Zirconia phase effect in Pd/ZrO2 catalyzed CO2 hydrogenation into formate

In heterogeneous catalysis, transformation of CO2 into formate largely relies on supported palladium catalyst, in which the support and in particular the support basicity plays a critical role. In this study, we prepared a series of Pd catalysts loaded on ZrO2 bearing three different crystal phases, namely the tetragonal phase (ZrO2-T), the monoclinic phase (ZrO2-M), and the hybrid tetragonal and monoclinic phase (ZrO2-M&T). With the same metal loading, ZrO2-T supported Pd catalyst exhibited considerably higher intrinsic activity in CO2 hydrogenation into formate compared with the other two catalysts.
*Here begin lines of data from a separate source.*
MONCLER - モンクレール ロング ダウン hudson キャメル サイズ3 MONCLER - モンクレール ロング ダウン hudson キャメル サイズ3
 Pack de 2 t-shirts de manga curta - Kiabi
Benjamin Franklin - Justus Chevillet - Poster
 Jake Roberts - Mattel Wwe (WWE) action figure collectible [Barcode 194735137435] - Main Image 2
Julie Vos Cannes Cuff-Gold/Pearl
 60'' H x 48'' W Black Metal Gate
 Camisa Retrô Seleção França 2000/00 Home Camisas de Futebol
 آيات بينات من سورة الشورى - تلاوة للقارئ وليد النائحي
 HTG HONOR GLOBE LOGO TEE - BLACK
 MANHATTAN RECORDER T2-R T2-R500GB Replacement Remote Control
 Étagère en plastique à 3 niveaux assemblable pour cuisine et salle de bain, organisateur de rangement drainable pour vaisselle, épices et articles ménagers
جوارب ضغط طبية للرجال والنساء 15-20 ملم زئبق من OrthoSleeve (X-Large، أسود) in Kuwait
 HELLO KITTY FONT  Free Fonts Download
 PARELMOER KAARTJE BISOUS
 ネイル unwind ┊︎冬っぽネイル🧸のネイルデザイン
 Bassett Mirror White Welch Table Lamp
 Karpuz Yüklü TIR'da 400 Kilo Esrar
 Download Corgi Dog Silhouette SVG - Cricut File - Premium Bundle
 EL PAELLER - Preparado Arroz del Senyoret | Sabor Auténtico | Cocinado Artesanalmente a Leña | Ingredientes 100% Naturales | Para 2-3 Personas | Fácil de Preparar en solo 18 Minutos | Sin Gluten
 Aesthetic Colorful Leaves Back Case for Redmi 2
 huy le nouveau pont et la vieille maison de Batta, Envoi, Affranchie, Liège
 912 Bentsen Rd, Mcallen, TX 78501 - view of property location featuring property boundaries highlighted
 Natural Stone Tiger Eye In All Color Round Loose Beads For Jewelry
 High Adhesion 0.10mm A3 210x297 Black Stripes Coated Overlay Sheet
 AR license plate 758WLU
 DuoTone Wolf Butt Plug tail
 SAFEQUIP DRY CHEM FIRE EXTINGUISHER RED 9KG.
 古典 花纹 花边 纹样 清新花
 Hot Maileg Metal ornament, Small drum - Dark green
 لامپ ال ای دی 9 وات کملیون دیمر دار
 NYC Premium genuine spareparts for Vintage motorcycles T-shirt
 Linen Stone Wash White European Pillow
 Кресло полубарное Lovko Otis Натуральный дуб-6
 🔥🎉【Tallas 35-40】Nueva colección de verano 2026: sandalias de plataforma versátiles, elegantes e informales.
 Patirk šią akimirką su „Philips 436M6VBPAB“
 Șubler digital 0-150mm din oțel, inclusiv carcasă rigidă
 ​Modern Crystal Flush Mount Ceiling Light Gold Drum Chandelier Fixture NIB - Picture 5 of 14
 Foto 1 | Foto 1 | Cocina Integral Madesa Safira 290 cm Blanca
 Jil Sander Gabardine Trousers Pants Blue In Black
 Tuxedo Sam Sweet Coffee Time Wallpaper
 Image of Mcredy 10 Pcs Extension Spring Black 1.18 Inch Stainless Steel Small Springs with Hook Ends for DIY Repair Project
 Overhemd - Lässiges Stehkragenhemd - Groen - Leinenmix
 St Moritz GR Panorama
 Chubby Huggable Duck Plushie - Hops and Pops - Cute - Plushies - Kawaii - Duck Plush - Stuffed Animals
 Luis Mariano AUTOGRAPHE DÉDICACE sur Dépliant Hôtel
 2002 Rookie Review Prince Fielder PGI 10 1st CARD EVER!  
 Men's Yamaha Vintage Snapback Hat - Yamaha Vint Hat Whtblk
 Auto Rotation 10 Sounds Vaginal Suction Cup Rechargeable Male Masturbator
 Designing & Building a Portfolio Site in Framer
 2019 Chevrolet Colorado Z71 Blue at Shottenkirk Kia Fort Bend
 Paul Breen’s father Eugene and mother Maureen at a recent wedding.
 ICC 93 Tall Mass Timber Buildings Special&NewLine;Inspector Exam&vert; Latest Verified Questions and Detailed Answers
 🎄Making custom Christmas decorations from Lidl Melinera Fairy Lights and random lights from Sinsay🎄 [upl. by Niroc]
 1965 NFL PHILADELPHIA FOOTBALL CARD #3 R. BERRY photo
Pd/ZrO2-T with 2 wt% Pd was the most active one in the series, affording a TOF of 2817 h(-1) at 373 K. In situ DRIFTS spectroscopy, kinetic study and CO2-TPD analysis provided evidence that all Pd/ZrO2 catalysts follow a similar catalytic mechanism, and the origin of the superior activity for Pd/ZrO2-T is the higher density of weak basic sites on ZrO2-T, which facilitates the transformation of CO2 into the desirable surface adsorbed bicarbonate as the precursor for formate. This work highlights the importance of crystal-phase engineering of the support in tuning the catalytic activity of Pd based catalysts for CO2 hydrogenation.